Hikayenin başında aldığımız ders ve karşımıza çıkan Yuna isimli bir hırsızla beraber hikayemiz gelişmeye başlıyor. Jin, Yuna ile birlikte sadece yiğitçe savaşmanın değil gizlilikle hareket etmenin de işe yaradığını kabulleniyor. Tabii ki tüm oyun gizlilikle geçmiyor ama bazı görevlerde bu oynanış tarzı zorunlu olduğundan öyle hareket etmek zorunda kalıyorsunuz.

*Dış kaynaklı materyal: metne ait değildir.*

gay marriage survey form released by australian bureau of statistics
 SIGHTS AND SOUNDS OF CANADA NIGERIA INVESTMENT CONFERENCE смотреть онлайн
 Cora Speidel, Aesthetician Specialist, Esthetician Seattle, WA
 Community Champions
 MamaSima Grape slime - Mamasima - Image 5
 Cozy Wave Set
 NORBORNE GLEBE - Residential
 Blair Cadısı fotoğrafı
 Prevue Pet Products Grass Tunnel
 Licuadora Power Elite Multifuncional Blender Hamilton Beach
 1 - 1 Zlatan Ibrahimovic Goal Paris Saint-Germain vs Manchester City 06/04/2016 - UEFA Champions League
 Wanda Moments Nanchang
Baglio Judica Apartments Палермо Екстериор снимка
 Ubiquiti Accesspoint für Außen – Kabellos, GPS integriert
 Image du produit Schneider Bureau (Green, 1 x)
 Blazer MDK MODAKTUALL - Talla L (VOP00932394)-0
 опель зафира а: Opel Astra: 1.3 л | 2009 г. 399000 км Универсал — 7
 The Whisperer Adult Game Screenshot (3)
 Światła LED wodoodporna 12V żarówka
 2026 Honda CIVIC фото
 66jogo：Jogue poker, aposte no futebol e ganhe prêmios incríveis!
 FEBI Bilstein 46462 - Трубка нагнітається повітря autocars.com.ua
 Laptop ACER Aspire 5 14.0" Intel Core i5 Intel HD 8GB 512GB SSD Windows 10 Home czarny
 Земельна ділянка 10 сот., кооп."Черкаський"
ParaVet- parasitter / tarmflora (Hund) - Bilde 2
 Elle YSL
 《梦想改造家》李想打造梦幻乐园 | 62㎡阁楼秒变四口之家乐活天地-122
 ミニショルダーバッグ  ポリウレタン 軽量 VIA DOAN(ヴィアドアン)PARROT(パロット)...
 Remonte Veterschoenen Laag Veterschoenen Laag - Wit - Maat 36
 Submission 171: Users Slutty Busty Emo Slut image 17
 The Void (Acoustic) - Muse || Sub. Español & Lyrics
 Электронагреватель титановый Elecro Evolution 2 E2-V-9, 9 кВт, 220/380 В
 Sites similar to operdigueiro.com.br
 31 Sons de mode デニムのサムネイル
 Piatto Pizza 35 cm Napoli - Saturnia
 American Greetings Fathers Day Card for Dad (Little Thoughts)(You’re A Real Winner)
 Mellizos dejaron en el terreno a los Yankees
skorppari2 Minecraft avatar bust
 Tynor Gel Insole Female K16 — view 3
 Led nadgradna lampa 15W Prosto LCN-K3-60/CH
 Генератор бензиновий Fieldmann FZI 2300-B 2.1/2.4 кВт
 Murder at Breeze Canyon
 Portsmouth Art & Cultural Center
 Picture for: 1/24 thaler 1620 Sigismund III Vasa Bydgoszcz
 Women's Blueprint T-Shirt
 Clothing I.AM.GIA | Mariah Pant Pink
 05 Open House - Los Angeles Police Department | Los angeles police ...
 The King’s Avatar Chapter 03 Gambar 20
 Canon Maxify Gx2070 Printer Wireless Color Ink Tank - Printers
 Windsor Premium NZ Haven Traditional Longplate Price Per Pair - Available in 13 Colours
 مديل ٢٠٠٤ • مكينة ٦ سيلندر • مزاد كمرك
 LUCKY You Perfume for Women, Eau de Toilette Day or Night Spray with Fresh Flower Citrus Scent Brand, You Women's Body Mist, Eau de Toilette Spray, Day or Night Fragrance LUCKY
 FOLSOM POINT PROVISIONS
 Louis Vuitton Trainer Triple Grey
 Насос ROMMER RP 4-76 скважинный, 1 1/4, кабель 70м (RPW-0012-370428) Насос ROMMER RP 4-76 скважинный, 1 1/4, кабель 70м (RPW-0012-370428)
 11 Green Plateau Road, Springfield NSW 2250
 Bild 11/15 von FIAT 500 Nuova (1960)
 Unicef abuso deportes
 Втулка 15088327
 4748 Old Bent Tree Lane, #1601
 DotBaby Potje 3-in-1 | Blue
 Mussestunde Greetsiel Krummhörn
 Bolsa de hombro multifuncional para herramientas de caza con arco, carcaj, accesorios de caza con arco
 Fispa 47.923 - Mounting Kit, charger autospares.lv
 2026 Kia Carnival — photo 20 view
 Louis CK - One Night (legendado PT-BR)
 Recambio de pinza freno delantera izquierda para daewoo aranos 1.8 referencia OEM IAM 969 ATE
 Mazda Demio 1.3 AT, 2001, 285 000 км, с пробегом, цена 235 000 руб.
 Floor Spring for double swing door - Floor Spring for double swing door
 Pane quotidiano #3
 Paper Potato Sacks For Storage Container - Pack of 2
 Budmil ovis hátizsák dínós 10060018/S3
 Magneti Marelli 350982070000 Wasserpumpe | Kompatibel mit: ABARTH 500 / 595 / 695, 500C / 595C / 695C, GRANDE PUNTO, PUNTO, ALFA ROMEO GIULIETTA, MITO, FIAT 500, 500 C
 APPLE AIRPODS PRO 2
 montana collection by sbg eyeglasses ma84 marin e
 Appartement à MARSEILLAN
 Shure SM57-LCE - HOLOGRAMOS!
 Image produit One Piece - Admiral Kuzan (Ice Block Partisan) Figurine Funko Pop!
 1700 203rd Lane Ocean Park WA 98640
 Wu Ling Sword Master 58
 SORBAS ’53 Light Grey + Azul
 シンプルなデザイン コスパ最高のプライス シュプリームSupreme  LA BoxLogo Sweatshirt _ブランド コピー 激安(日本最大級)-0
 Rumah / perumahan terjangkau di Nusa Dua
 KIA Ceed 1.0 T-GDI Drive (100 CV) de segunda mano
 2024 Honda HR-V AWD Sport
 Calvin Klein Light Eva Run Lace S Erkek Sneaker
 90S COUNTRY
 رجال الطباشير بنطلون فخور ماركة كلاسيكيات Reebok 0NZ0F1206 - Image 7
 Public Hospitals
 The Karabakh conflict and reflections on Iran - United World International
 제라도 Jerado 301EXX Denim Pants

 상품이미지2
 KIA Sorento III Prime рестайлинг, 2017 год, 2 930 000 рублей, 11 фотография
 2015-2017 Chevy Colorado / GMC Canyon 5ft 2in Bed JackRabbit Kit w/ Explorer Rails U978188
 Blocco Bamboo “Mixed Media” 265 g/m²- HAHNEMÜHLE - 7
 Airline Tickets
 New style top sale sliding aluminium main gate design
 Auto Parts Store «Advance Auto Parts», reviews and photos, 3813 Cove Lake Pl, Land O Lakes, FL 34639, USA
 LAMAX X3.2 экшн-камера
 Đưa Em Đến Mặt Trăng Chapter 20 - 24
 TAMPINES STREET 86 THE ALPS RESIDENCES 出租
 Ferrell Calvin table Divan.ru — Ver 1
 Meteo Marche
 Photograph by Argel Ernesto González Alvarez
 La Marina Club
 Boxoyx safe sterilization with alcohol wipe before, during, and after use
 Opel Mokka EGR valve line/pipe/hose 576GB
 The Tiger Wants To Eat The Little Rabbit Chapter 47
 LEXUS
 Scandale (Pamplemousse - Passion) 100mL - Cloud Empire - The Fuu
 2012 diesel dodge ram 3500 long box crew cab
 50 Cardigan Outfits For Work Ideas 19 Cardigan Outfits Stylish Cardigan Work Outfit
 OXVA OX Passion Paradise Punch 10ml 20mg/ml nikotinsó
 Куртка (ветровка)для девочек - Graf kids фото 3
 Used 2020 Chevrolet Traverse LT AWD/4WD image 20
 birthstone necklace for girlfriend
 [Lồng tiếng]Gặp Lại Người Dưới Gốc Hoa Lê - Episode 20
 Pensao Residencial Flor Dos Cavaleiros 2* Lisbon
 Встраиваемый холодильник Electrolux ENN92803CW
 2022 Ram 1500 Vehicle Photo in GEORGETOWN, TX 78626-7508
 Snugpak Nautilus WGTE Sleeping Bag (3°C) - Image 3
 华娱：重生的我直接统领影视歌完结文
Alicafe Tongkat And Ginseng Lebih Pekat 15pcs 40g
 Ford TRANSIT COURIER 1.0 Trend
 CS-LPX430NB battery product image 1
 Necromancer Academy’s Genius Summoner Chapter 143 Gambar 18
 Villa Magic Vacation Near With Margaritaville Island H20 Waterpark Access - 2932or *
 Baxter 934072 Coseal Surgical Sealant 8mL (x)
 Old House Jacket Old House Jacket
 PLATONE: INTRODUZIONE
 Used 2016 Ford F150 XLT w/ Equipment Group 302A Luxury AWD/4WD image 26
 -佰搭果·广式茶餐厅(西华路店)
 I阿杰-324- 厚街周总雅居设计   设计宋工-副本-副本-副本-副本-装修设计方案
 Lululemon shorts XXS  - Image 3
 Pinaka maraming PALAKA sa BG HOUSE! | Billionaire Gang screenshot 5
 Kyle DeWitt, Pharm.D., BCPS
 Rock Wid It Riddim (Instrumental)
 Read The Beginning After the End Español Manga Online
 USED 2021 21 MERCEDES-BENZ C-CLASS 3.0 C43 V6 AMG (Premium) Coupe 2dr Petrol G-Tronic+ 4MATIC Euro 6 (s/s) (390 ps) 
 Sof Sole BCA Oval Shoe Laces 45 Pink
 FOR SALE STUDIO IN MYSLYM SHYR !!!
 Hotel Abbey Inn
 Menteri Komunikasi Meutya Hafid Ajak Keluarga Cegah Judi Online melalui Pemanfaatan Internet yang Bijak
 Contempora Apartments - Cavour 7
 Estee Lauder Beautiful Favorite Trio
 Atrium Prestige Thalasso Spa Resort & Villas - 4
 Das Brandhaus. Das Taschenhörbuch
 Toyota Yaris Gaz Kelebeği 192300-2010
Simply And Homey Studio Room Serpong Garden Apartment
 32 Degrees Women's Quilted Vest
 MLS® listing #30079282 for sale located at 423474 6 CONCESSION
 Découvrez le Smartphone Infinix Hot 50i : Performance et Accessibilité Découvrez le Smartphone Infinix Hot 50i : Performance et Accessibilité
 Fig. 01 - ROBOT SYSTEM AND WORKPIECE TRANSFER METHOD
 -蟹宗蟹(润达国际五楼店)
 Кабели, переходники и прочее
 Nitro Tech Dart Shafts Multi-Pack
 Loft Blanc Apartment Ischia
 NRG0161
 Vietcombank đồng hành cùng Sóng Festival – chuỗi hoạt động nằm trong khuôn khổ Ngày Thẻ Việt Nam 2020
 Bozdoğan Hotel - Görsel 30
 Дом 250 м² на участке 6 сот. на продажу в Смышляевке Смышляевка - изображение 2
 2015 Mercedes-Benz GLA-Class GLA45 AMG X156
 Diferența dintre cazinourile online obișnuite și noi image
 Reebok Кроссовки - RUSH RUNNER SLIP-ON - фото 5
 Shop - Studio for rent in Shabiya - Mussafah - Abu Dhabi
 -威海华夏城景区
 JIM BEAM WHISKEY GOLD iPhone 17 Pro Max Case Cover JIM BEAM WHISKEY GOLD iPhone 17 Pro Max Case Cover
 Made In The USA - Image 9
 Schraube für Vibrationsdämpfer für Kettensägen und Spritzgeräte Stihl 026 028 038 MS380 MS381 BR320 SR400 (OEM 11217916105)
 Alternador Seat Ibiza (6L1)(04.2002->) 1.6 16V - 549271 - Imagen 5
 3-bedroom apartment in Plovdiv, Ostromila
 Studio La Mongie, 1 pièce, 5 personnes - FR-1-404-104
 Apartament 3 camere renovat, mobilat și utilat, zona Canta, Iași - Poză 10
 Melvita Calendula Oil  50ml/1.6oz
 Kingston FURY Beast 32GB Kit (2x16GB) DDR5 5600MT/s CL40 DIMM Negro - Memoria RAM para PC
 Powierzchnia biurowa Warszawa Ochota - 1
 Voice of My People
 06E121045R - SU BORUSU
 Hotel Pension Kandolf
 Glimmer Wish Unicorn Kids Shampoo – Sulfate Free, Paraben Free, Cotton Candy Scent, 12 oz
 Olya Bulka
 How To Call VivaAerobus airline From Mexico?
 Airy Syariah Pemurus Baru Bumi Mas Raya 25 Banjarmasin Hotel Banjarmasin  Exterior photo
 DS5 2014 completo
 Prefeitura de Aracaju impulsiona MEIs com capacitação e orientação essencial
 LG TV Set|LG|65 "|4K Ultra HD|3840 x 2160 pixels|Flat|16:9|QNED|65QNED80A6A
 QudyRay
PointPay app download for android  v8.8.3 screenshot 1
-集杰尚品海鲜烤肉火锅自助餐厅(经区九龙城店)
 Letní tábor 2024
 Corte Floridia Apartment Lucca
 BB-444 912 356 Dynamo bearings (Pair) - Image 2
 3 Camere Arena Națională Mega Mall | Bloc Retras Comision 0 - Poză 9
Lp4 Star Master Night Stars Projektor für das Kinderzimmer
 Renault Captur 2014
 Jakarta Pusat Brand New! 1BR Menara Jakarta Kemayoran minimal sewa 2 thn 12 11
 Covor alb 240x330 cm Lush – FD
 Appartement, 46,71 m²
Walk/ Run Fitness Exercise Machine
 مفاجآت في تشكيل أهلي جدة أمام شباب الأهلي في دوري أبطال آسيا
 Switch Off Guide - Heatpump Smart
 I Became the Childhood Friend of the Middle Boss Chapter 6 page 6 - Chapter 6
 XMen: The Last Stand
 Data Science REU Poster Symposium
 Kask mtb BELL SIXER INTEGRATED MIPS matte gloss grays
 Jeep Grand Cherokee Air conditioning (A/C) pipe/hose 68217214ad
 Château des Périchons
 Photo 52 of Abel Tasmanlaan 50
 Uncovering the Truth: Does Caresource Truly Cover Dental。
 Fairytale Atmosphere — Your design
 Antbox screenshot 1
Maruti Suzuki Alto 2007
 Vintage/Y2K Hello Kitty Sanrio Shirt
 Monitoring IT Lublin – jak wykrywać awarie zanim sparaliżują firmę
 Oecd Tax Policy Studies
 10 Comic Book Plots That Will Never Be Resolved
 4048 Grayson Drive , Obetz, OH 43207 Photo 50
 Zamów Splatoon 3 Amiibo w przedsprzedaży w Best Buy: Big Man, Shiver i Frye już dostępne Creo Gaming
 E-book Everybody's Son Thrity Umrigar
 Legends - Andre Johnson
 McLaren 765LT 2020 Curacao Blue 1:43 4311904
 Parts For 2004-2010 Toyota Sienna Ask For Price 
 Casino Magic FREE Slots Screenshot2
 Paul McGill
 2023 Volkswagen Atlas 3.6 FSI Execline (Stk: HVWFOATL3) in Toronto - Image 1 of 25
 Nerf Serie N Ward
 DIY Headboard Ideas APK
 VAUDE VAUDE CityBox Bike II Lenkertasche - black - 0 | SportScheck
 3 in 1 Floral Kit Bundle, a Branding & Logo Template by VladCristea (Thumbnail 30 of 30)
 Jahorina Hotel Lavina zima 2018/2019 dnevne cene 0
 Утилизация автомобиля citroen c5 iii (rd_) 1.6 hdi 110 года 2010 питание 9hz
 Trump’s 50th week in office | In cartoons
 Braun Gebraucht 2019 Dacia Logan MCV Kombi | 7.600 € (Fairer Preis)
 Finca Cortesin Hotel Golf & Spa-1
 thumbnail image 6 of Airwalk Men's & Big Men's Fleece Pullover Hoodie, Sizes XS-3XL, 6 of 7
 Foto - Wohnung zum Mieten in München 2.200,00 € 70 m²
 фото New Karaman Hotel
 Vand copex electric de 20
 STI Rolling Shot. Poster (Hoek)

Açık uçlu bir dünyada geçen bu oyunda oyun tarzınızı ise siz şekilllendiriyorsunuz.
Bu arada oyunun başında da görebileceğiniz gibi, oyunu isterseniz ünlü Japon yönetmen Akiro Kurosawa’ya bir saygı duruşu olarak uyarlanmış olan siyah- beyaz mod’da da oynayabilirsiniz. Yönetmenin tüm filmlerine hastayım ama özellikle Yedi Samuray ki bu film üzerine çok konuşabilirim, ve Ran’ı seyretmeninizi öneririm.
Oyunda yönetmene gönderme olarak uyarlanan, bir savaşa girmeden önce birebir düello modu (ki tarihte çok örneği vardır) içinde karşınızda düşmanlarla kapışmanız mümkün. Hatta oyunda zırhınızı geliştirdikçe bu düelloyu 5 kişiye kadar da çıkartabiliyorsunuz. Bu modda rakiplerinizin sizi saldırıyormuş gibi yapıp kandırabileceğini de unutmayın.
Oyunda çok ama çok ayrıntı var. Mesela Moğol okçularının ok atmadan önce arkadaşlarına eğil demesi ve sizin de bunu bir erken savunma uyarısı olarak alabilmeniz enfes bir ayrıntı. Buna karşın rakiplerinize kilitlenebilmeniz ise mümkün değil. Yani illaki bununla kapışayım diyemiyorsunuz. Bunun yerine savaş alanını iyi tahlil etmeli ve savaşmalısınız. Kılıç dövüşünü daha zorlaştırmasına karşın daha gerçekçi kılması açısından ben bunu da sevdim. İster istemez Miyamoto Musashi’nin Beş Çember kitabını hatırlamak zorunda kalıyorsunuz.
Savaşları kazanmak için farklı düşmanlara farklı teknikler uygulamalısınız. Samuray yolunda düşmanların saldırılarını karşılayarak açabildiğiniz savunma yetenekleri yada saldırı savuşturma becerilerini kullanmak zorundasınız. Hayalet becerilerinde ise değişken taktikler var. Bunların hepsini Tsushima’da namınız yayıldıkça açabiliyorsunuz.
Ayrıca duruşla ile (stance) karşınıza çıkan düşmanlara göre taktiğinizi değiştirmeniz gerekiyor. Teknik puanları ayrı bunlar ayrı. Bunları düşman liderlerini öldürdükçe elde ediyorsunuz. Taş Duruşu normal kılıçlı düşmanların defansını hızlıca açıyor, Su Duruşu kalkanlılara, Rüzgâr Duruşu baltalı ve kargılılara, Ay Duruşu ise yapılı ve haliyle korkutucu düşmanlara karşı daha etkili. Bunları savaş sırasında hızlıca değiştirebiliyorsunuz. Haliyle biraz konsantre olmanız gerekiyor. Oyunda öyle pat pat dalmak yok. Aksi taktirde kısa sürede alt edilebiliyorsunuz.